French Environment Ministry announces new tax to enforce ‘polluter pays’ principle

French Environment Minister, Dominique Voynet, announced last month that she has formed a working group to examine the feasibility of an 'eco-tax' on fertilisers and pesticides. This will form part of the General Tax on Polluting Activities ((Taxe Generale sur les Activités Polluantes - TGAP), due to be applied to the water sector in 2000. The working group must report to Voynet, by the end of the year.


The eco-tax is part of the French government’s continuing efforts to bring the country’s farmers to book. In 1993, French farmers were offered subsidies and a five-year exemption from paying pollution tariffs. That compromise is due to end this year.

Speaking to a French environmental NGO, Voynet said that the application of the ‘polluter pays’ principle to agricultural pollution is a priority. She said progress had been made in terms of cleaning up larger rivers, but “48% of water courses still fall short of quality targets. The National Environment Institute has just sent me a report showing the generalised presence of pesticides in rivers and groundwater. For example, in 1995, Atrazine levels exceeded drinking water standards in the water distributed to five million French people…. The quality of small water courses, often in rural areas, is not improving, and in some places it is getting worse.”
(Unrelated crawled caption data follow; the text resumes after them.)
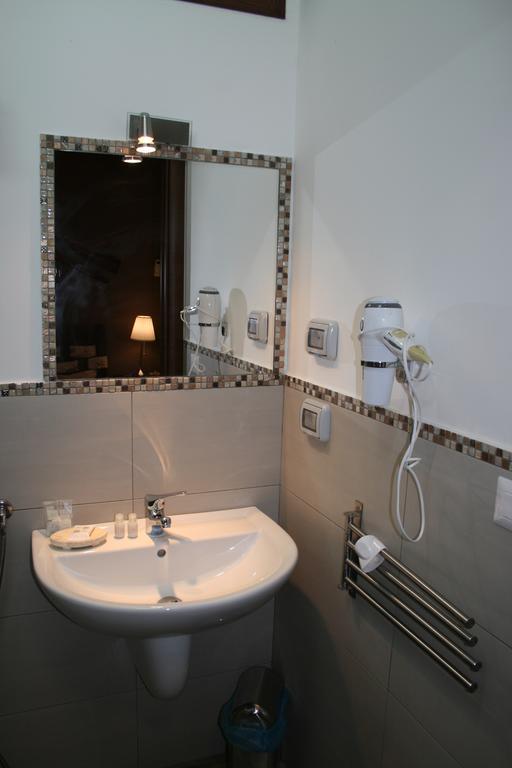 B&B Tifeo Villafranca Tirrena Εξωτερικό φωτογραφία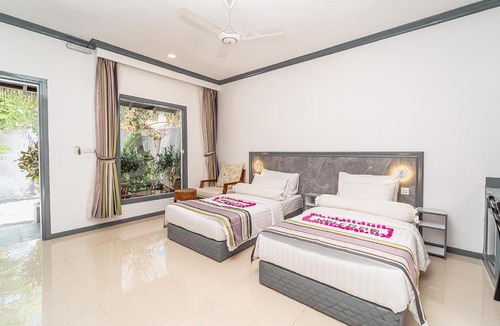 Fehendhoo House | Tropical Tree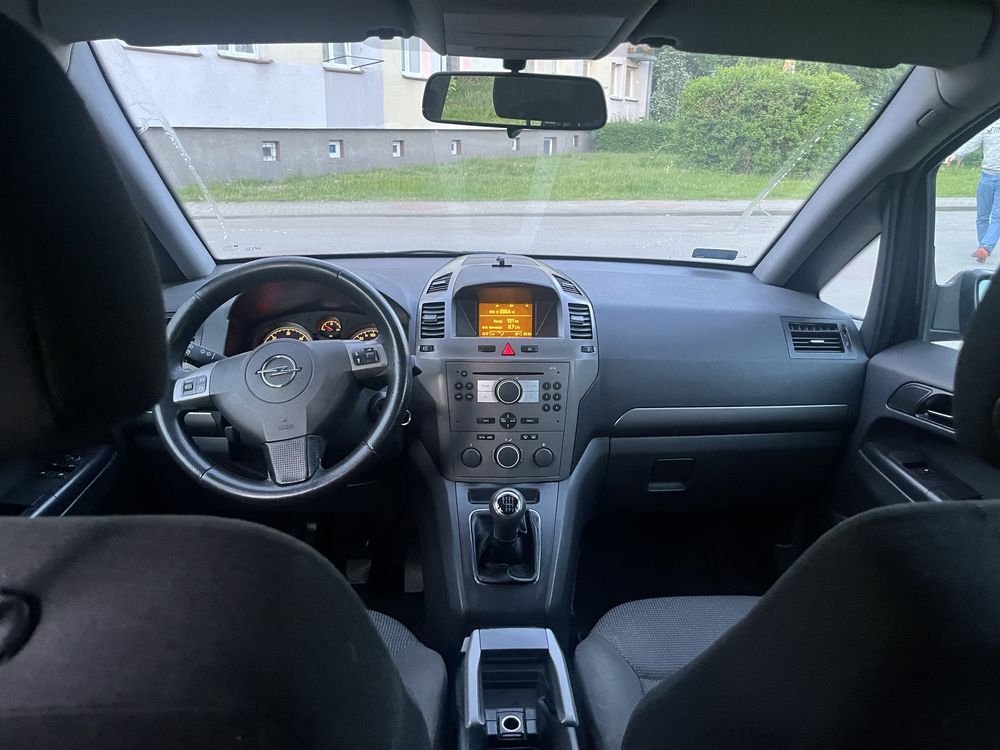 Opel zafira 1.9 Cdti 7 osobowa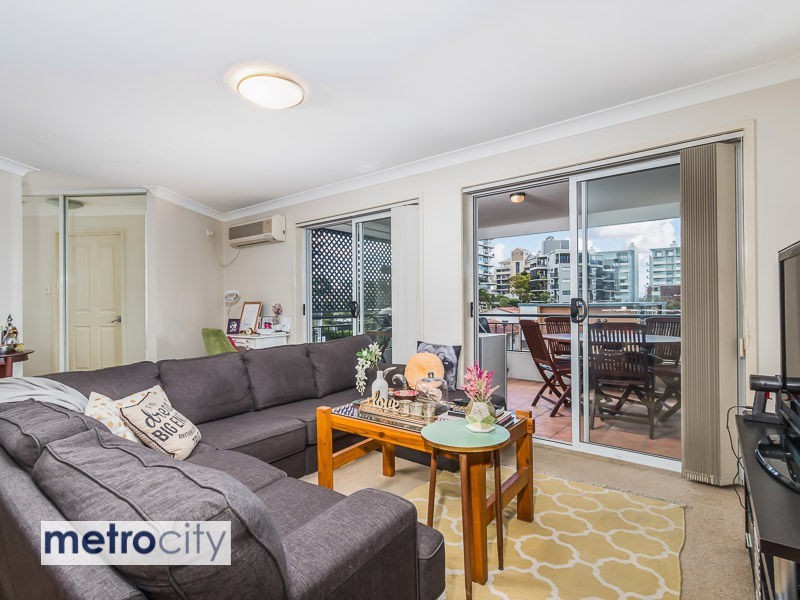 20/239 Shafston Avenue, Kangaroo Point QLD 4169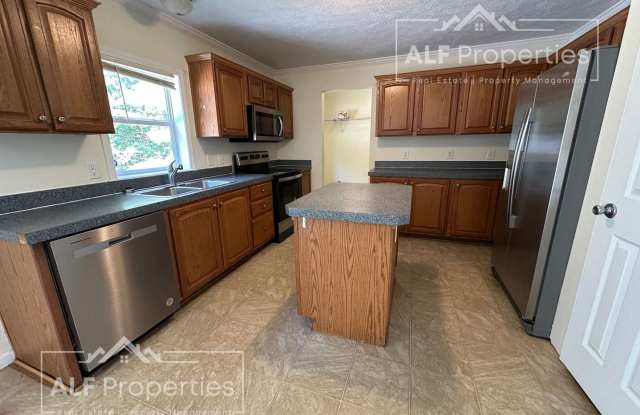 Charming  Secluded 3-Bedroom 2 Bathroom Home on a Spacious Lot – 125 Hunter Road, Henderson, NC photos photos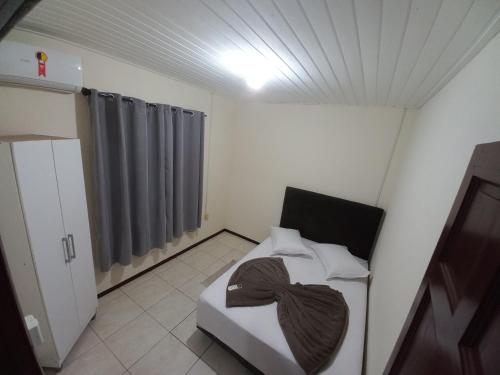Cette petite chambre comprend un lit. dans l'établissement Casa inteira II - 2 quartos, à Pomerode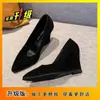 Sapatos de bico fino e boca rasa de calçar com temperamento, para usar por fora, salto anabela francês, sapatos de bico fino da moda com strass, mulheres 2026 Outono Novo Estilo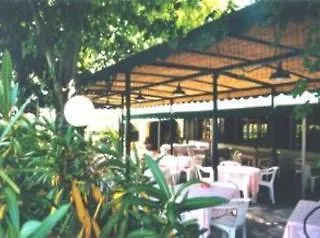 Country house Hotel Ristorante Da Carlos Santa Maria Giudice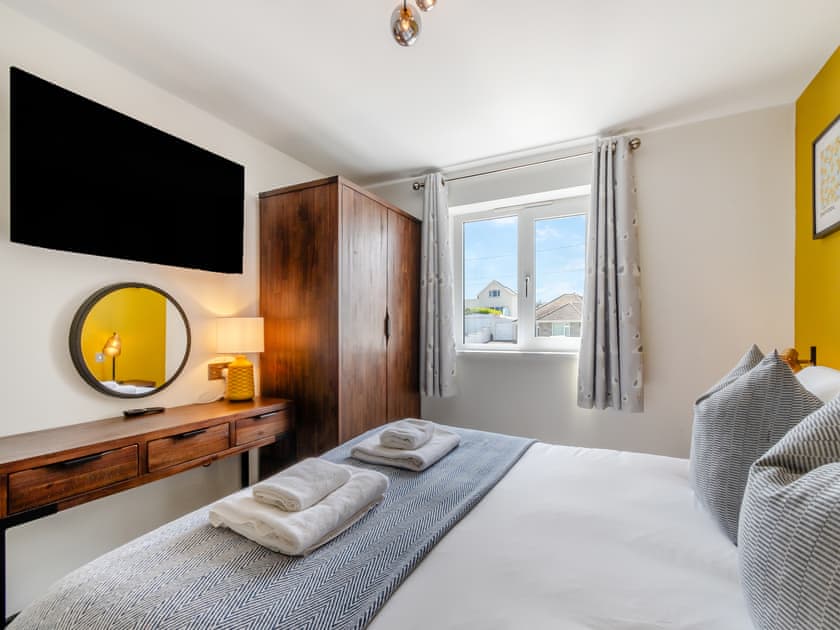 Double bedroom | Ty Ynys - Gwbert Holiday Cottages, Gwbert, near Cardigan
The French Water Agencies’ charging system is also due for an overhaul, beginning with the introduction of the TGAP. According to Voynet, “one of [TGAP’s] fundamental objectives” is to encourage a “more complete application of the ‘polluter pays’ principle.” The amount of money charged by the Water Agencies has until now been determined by the amount needed to repair damage caused by pollution. “This system is now recognised as insufficient to improve the behaviour of polluters,” said Voynet. “The application of TGAP in the water sector must improve the application of the ‘polluter pays’ principle without challenging the authority of the water agencies or the river basin committees.”

The TGAP is intended to be an integrated tax on pollution, enforced by central government. In 1999, the tax will replace five existing pollution taxes (on the treatment of industrial waste, on atmospheric pollution, on noise pollution and on the storage of treated waste). As such, it will at first only apply directly to the Agency for Environment and Energy Management (ADEME) and the French Customs Department will progressively take over the management, collection and enforcement of the tax. The Ministry of the Environment expects the tax to raise FF1.9Bn in 1999.
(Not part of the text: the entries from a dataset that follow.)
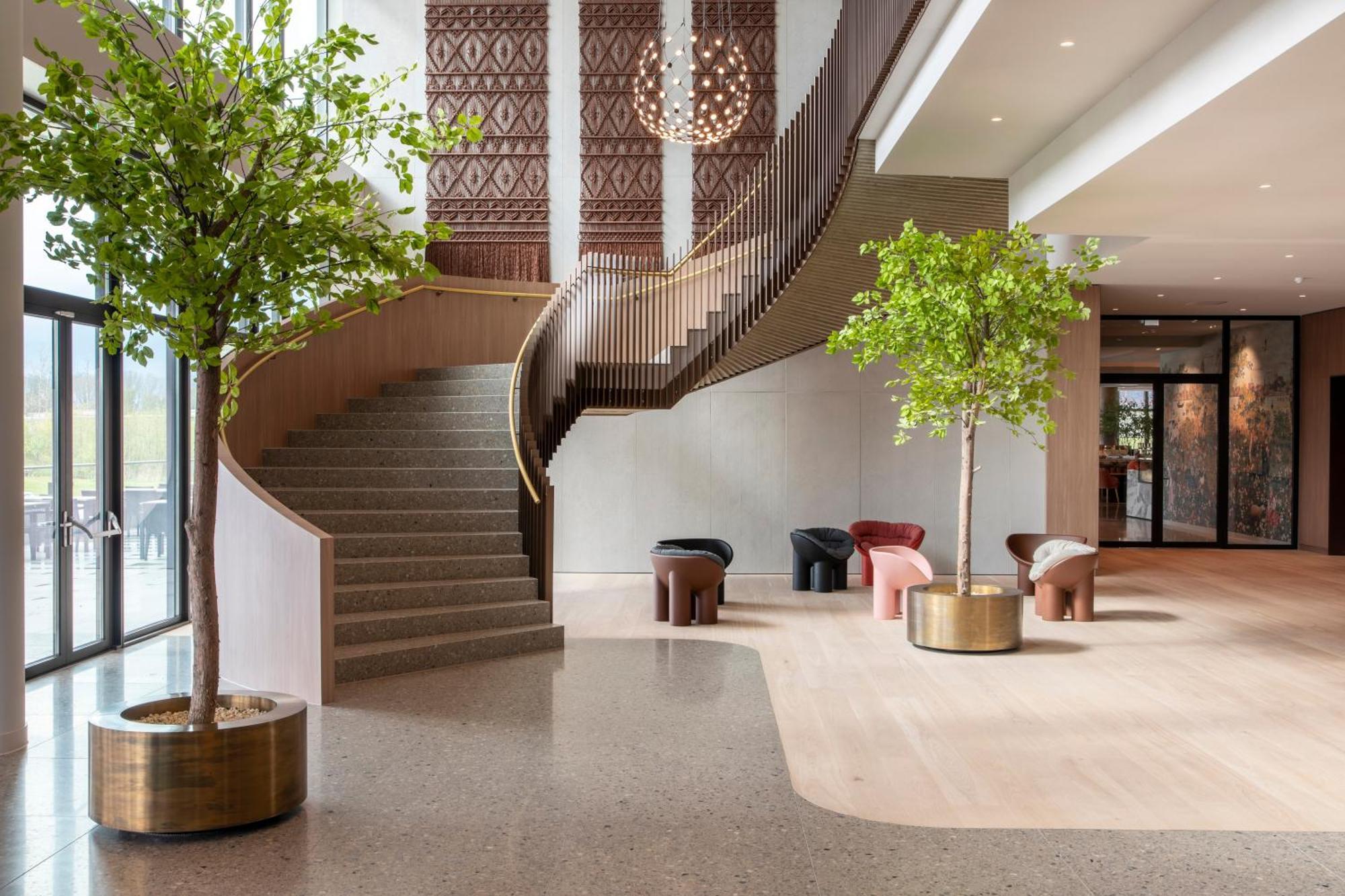 Van Der Valk Hotel Deventer Exterior photo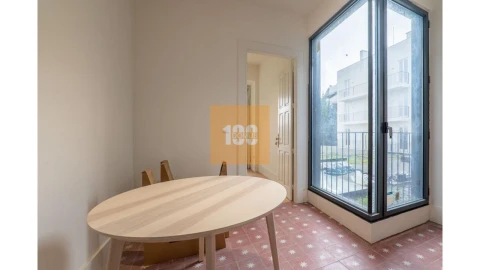 Apartamento T1 para Venda em Cedofeita, Santo Ildefonso, Sé, Miragaia, São Nicolau e Vitória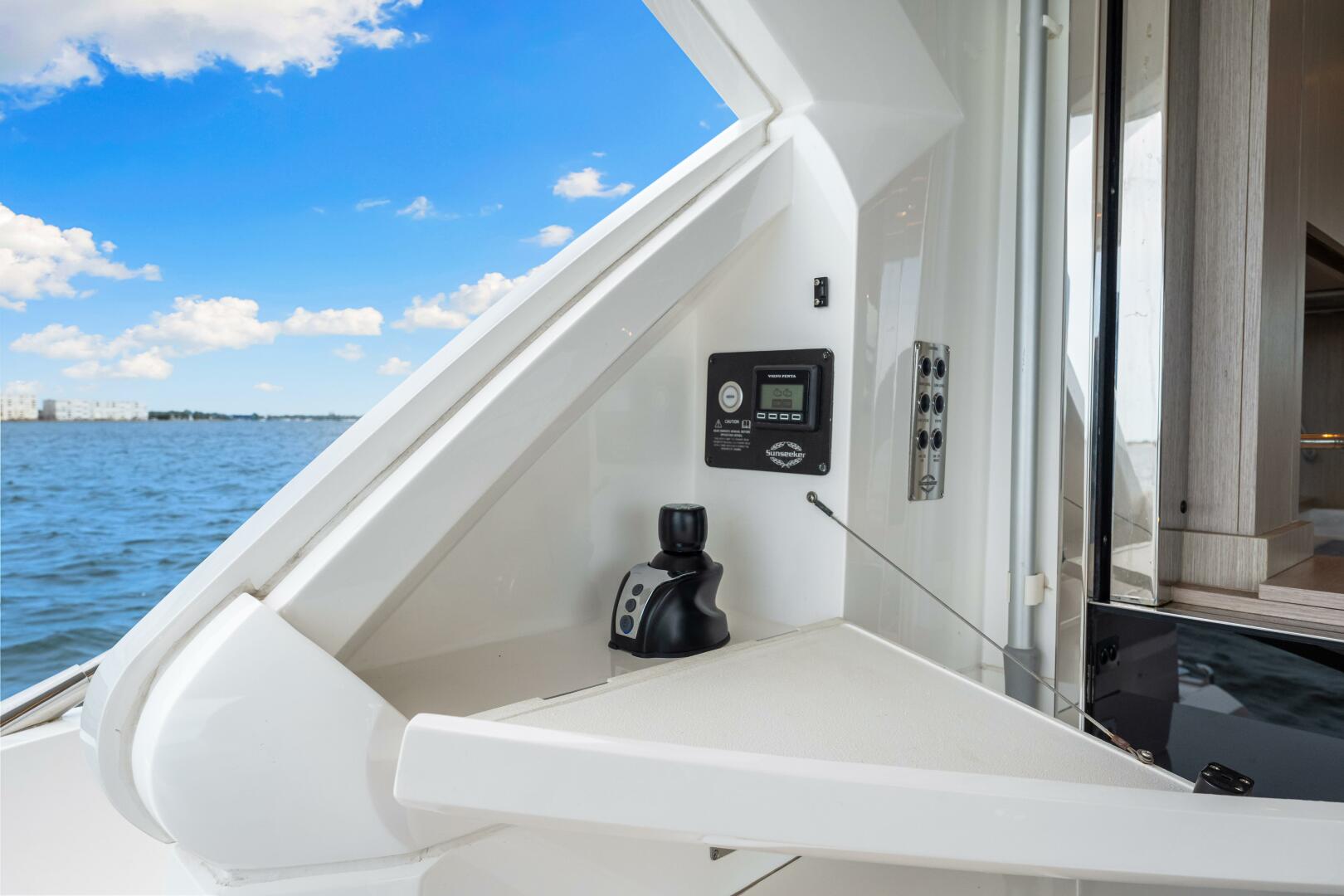 Slide: The Image of Sunseeker Manhattan 55 2021 - 4855425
However, from the beginning of the year 2000, TGAP will also apply to the Water Agencies. The Environment Ministry has been keen to allay Water Agency fears about “loss of power, efficiency and money.”

As it stands, money will be collected under TGAP and then redistributed to each Water Agency. The Environment Ministry has therefore assured the Water Agencies that a special Treasury account will be set up to collect TGAP revenue and that the Water Agencies will continue to be financed at the same level as at present.

Negotiations are also taking place to preserve the major part of the fees collected under TGAP for the Water Agencies, according to Patrick Fevrier, assistant director of the Ministry of Environment’s water directorate.

The Water Agencies have been criticised recently for lack of financial accountability and overly complex charging procedures. The TGAP is the first of a raft of water sector reforms announced by Voynet in May. Other reforms include the formation next year of a High Council of Public Water and Sewerage Services, intended to help local authorities manage water and sewerage systems, and the introduction in 2002 of a Programming Law, designed to oversee the Water Agency’s five yearly policy plan.

Also planned for the near future, are a tax on works that affect the water system and are likely to increase the risk of flooding and the formation of an environmental police body.